The easy way to write your own flavor of Pandas

Overview

Pandas Flavor

The easy way to write your own flavor of Pandas

Pandas 0.23 added a (simple) API for registering accessors with Pandas objects.

Pandas-flavor extends Pandas' extension API by:

  1. adding support for registering methods as well.
  2. making each of these functions backwards compatible with older versions of Pandas.

What does this mean?

It is now simpler to add custom functionality to Pandas DataFrames and Series.

Import this package. Write a simple python function. Register the function using one of the following decorators.

Why?

Pandas is super handy. Its general purpose is to be a "flexible and powerful data analysis/manipulation library".

Pandas Flavor allows you add functionality that tailors Pandas to specific fields or use cases.

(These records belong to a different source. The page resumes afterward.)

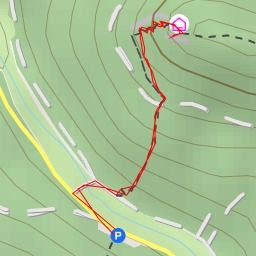 thumbnail for Bruchweiler Falkenfels - Bruchweiler-Bärenbach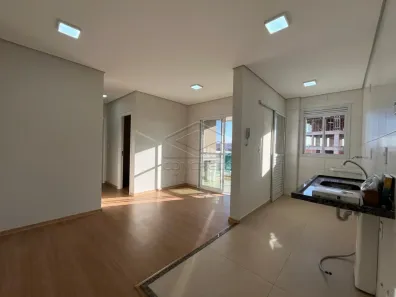 Apartamento com 2 Quartos para alugar, 57m² no Vila Assis, Jaú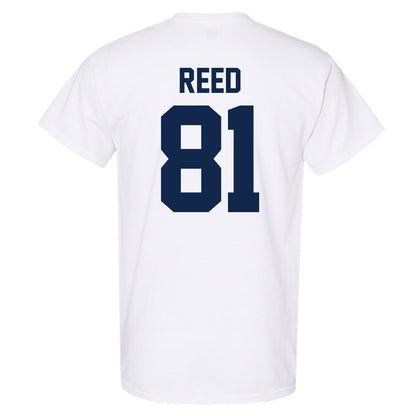 Ole Miss - NCAA Football : Samari Reed - T-Shirt-1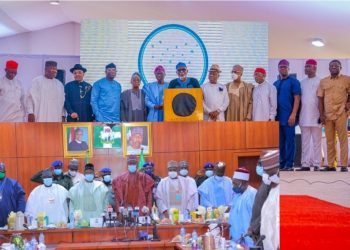 Northern, Southern governors have turned Nigeria to Turn-by-Turn Plc: Ex-TUC President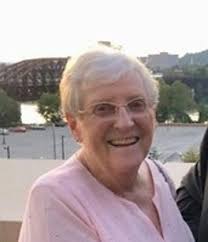 Janet Marie Yeomans Obituary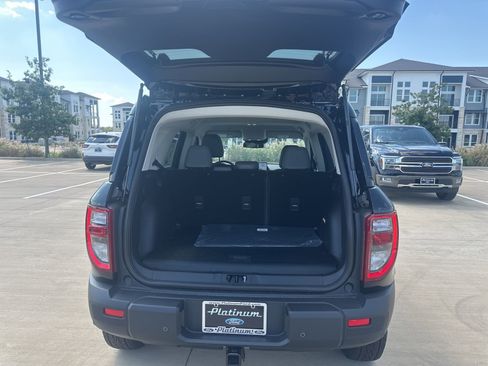 New 2025 Ford Bronco Sport Badlands w/ Badlands Tech Package image 6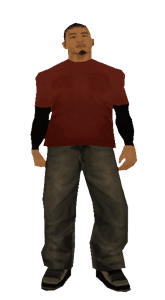 Skin 170 of StroN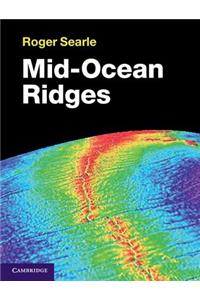 Mid-Ocean Ridges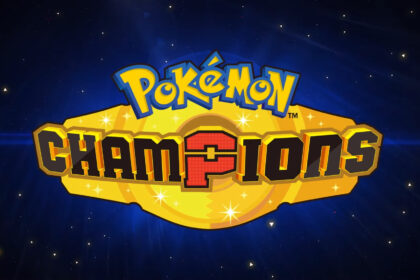 Pokemon Champions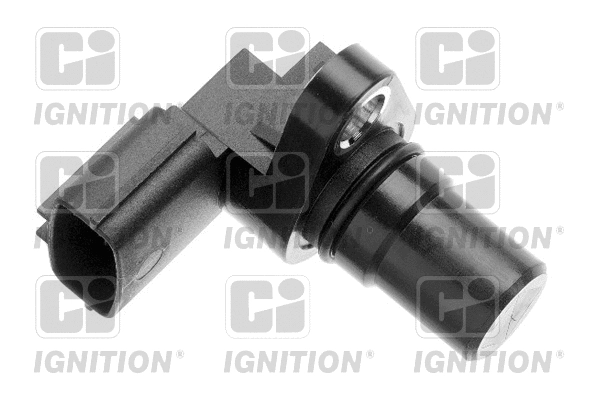 Capteur d'angle, vilebrequin QUINTON HAZELL XREV348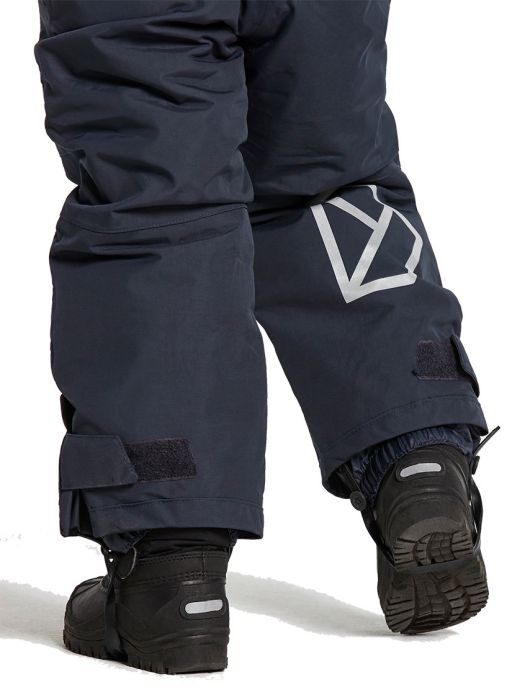 Björnen Kids Coverall flyverdragt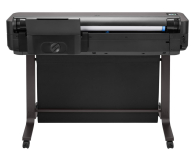 HP DesignJet T650 36-in Printer - 628582 - zdjęcie 4
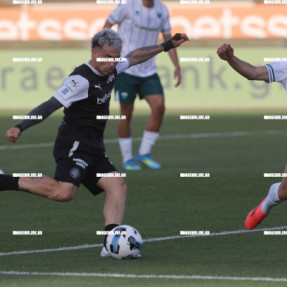 ΟΦΗ - ΛΕΒΑΔΕΙΑΚΟΣ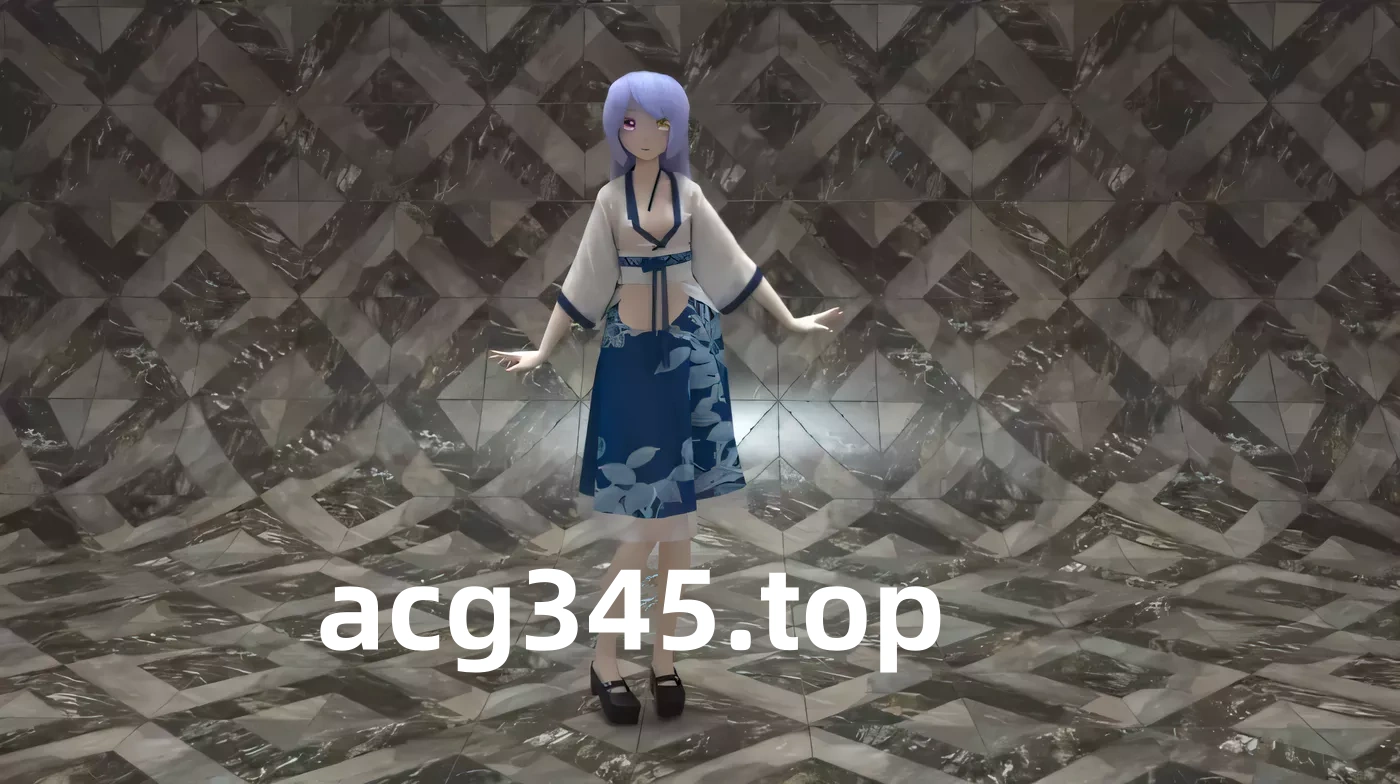 图片[2]-【3D同人/大合集】超高质量エロMMD精选102作合集！黑丝/跳啪/拘束/罪袋/虫姦【10G】-乐游二次元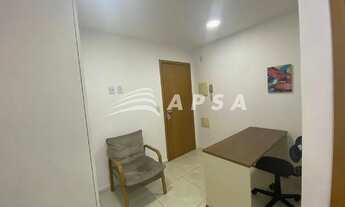 Imagem 7: EXCELENTE SALA COMERCIAL NO CONDOMÍNIO PRIMUS OFFICES - GEREMÁRIO DANTAS, EM JACAREPAGUÁ P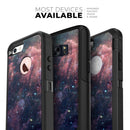 Colorful Deep Space Nebula - Skin Kit for the iPhone OtterBox Cases
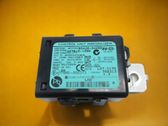 Immobilizer control unit/module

Maybe you want to add new write methods to the Pandas DataFrame? Maybe you want custom plot functionality? Maybe something else?

Register accessors

Accessors (in pandas) are objects attached to a attribute on the Pandas DataFrame/Series that provide extra, specific functionality. For example, pandas.DataFrame.plot is an accessor that provides plotting functionality.

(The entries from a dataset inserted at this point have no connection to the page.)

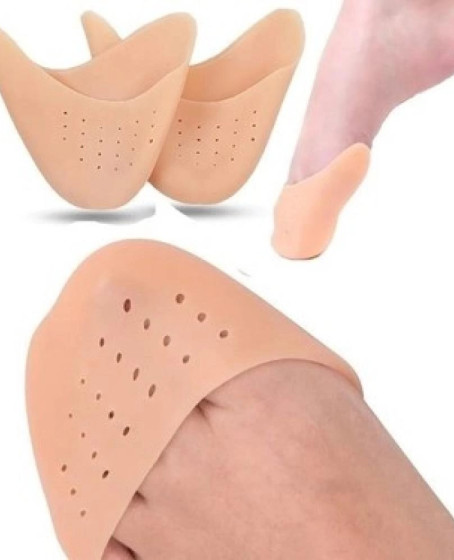 Parmak Gömleği 5 Parmak Kapatan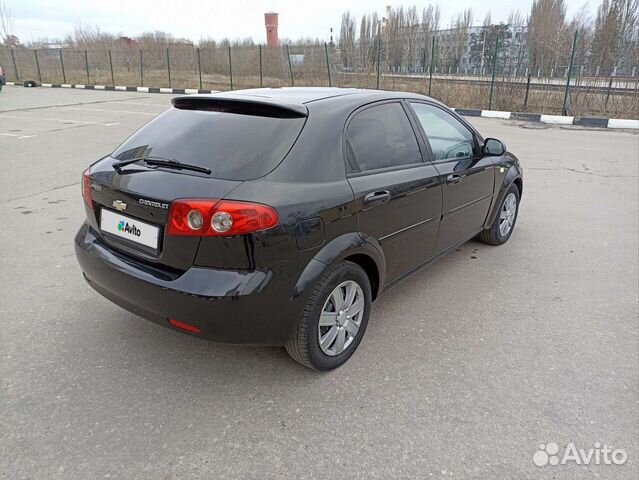 Chevrolet Lacetti 1.6 AT, 2009, 200 000 км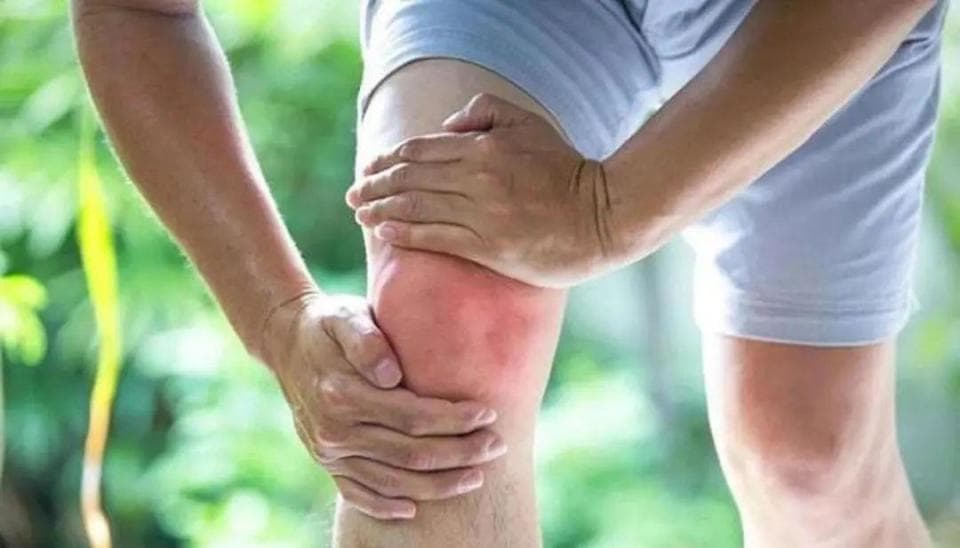 骨关节炎与关节健康守护
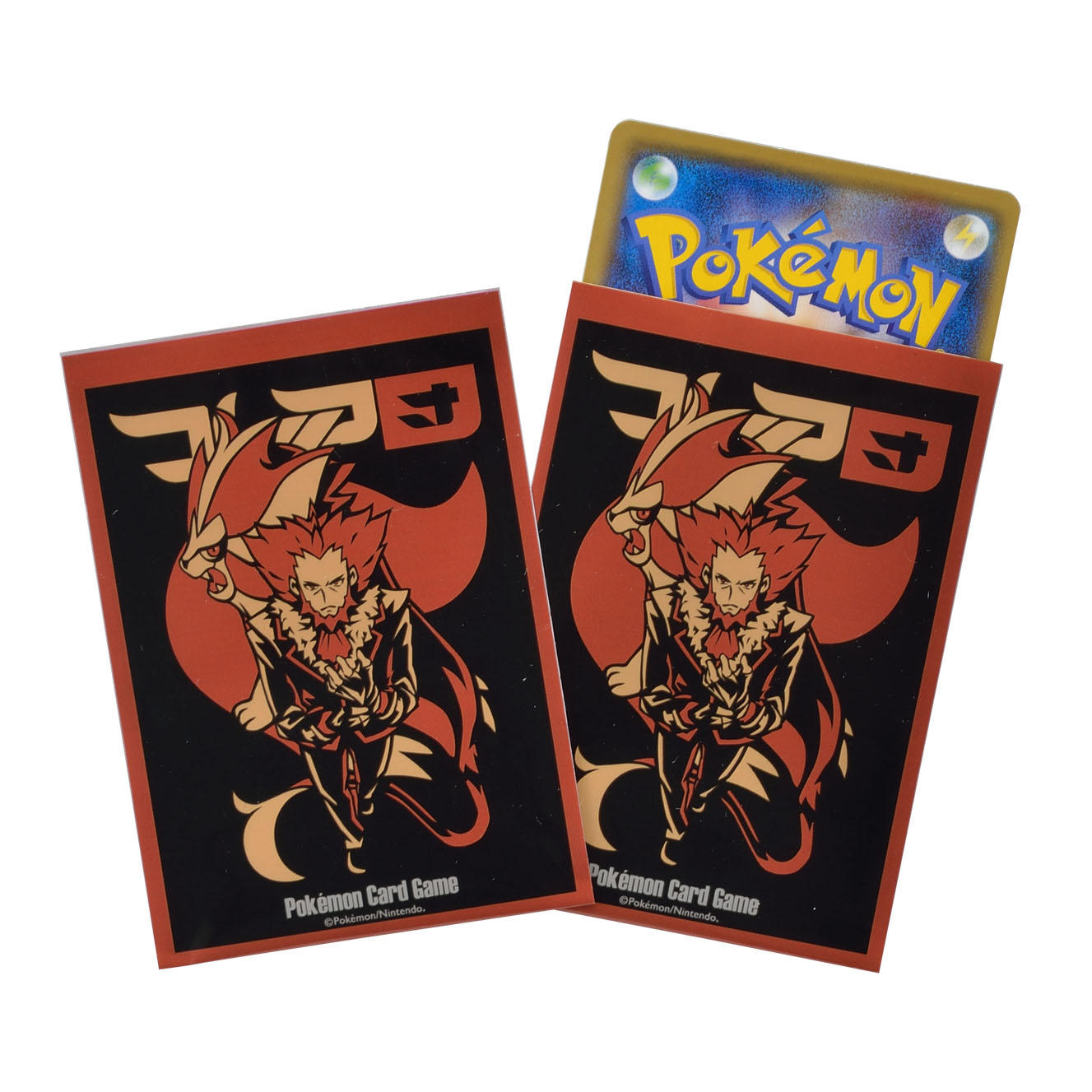 【60％OFF】 デッキシールド SECRET ｜ポケカシングルカード通販 F TEAMS ポケモンカードゲーム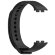 Силиконовый ремешок для Honor Band 9 (черный)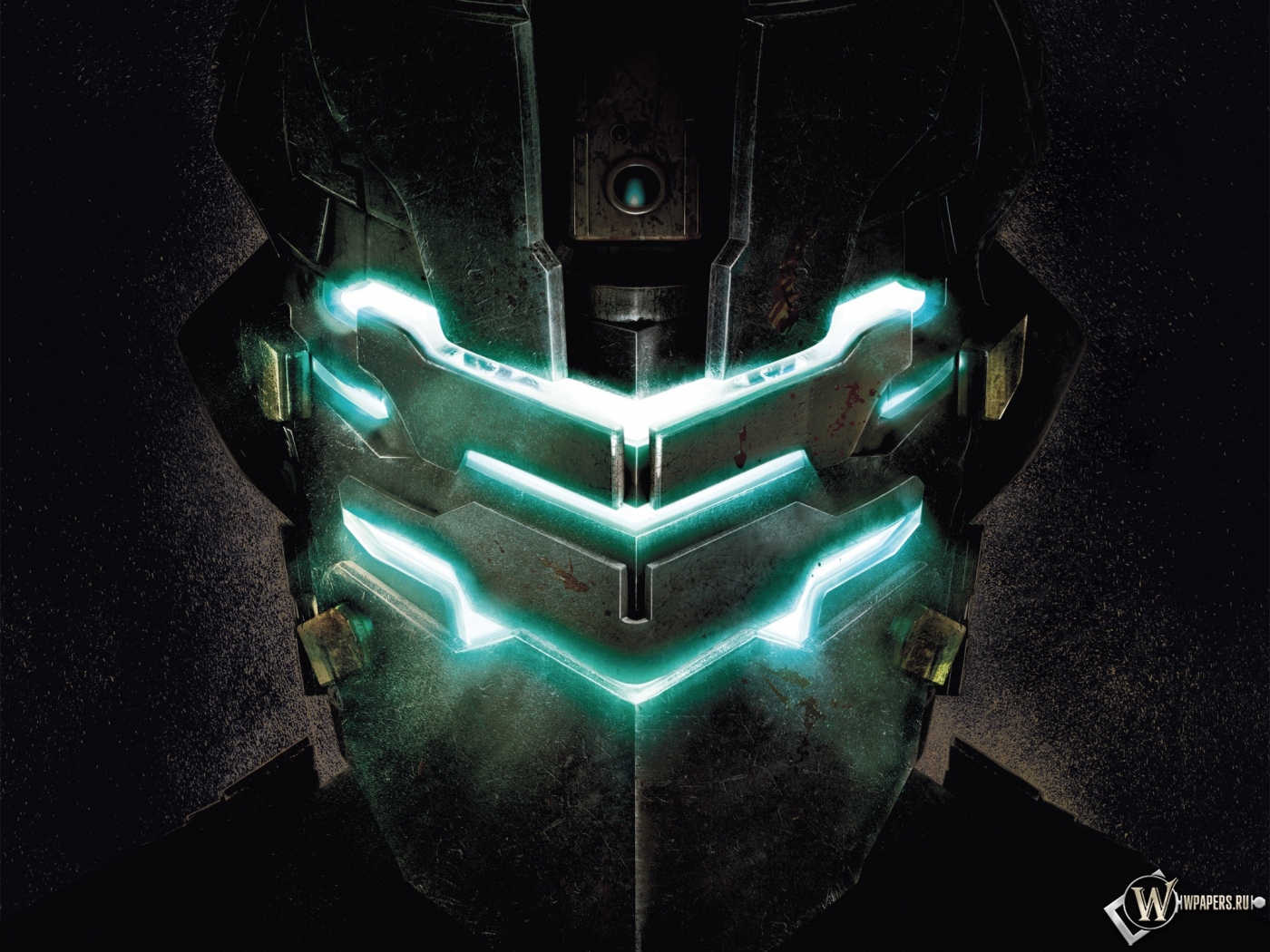 Dead Space 2 1400x1050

Add an accessor by registering the function with the following decorator and passing the decorator an accessor name.

# my_flavor.py

import pandas as pd
import pandas_flavor as pf

@pf.register_dataframe_accessor('my_flavor')
class MyFlavor(object):

  def __init__(self, data):
    self._data

    def row_by_value(self, col, value):
        """Slice out row from DataFrame by a value."""
        return self._data[self._data[col] == value].squeeze()

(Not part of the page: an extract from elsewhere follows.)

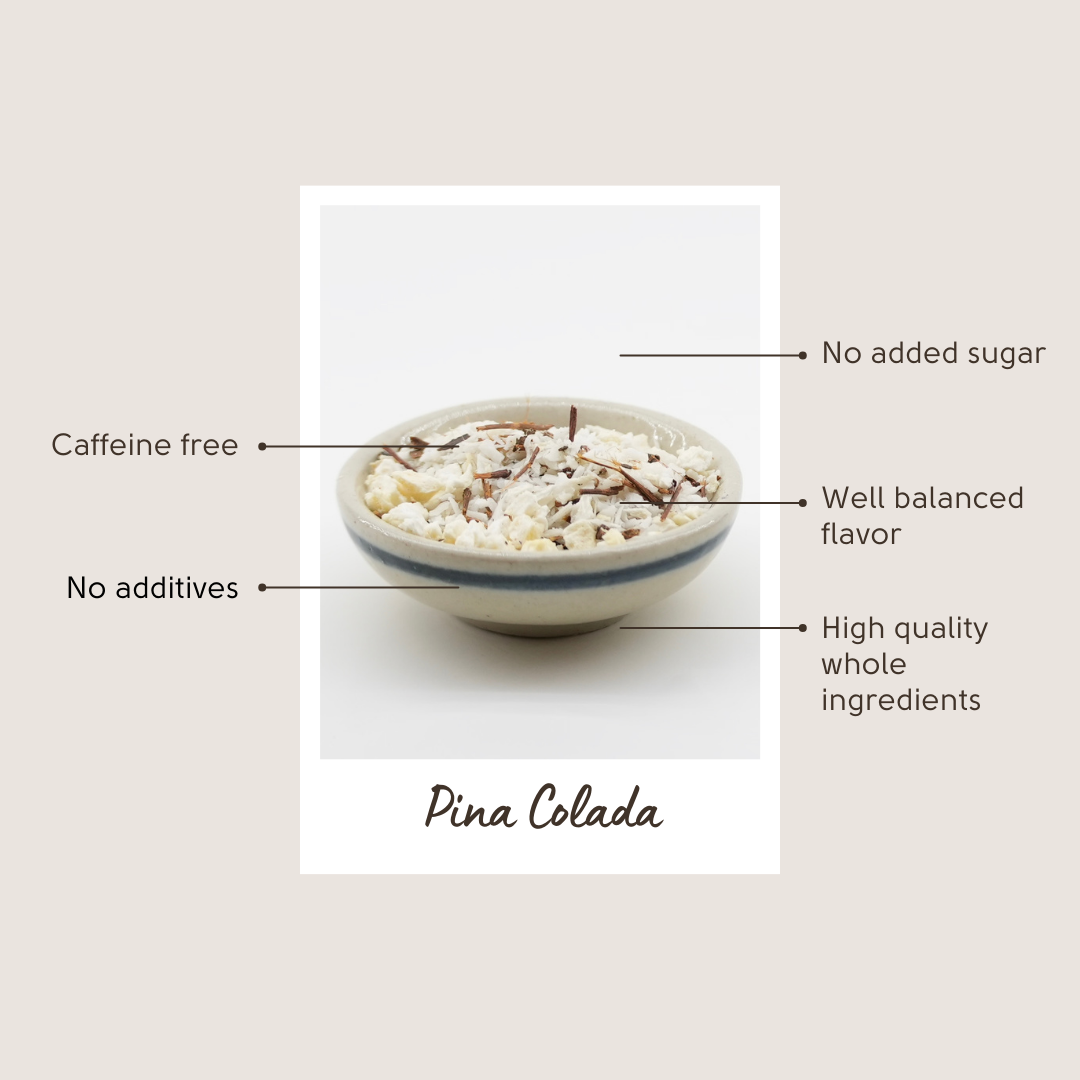 Pina Colada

Every dataframe now has this accessor as an attribute.

import my_flavor

# DataFrame.
df = pd.DataFrame(data={
  "x": [10, 20, 25],
  "y": [0, 2, 5]
})

# Print DataFrame
print(df)

# x  y
# 0  10  0
# 1  20  2
# 2  25  5

# Access this functionality
df.my_flavor.row_by_value('x', 10)

# x    10
# y     0
# Name: 0, dtype: int64

To see this in action, check out pdvega, PhyloPandas, and pyjanitor!

Register methods

Using this package, you can attach functions directly to Pandas objects. No intermediate accessor is needed.

# my_flavor.py

import pandas as pd
import pandas_flavor as pf

@pf.register_dataframe_method
def row_by_value(df, col, value):
    """Slice out row from DataFrame by a value."""
    return df[df[col] == value].squeeze()
import my_flavor

# DataFrame.
df = DataFrame(data={
  "x": [10, 20, 25],
  "y": [0, 2, 5]
})

# Print DataFrame
print(df)

# x  y
# 0  10  0
# 1  20  2
# 2  25  5

# Access this functionality
df.row_by_value('x', 10)

# x    10
# y     0
# Name: 0, dtype: int64

Available Methods

  • register_dataframe_method: register a method directly with a pandas DataFrame.
  • register_dataframe_accessor: register an accessor (and it's methods) with a pandas DataFrame.
  • register_series_method: register a methods directly with a pandas Series.
  • register_series_accessor: register an accessor (and it's methods) with a pandas Series.

Installation

You can install using pip:

pip install pandas_flavor

or conda (thanks @ericmjl)!

conda install -c conda-forge pandas-flavor

Contributing

Pull requests are always welcome! If you find a bug, don't hestitate to open an issue or submit a PR. If you're not sure how to do that, check out this simple guide.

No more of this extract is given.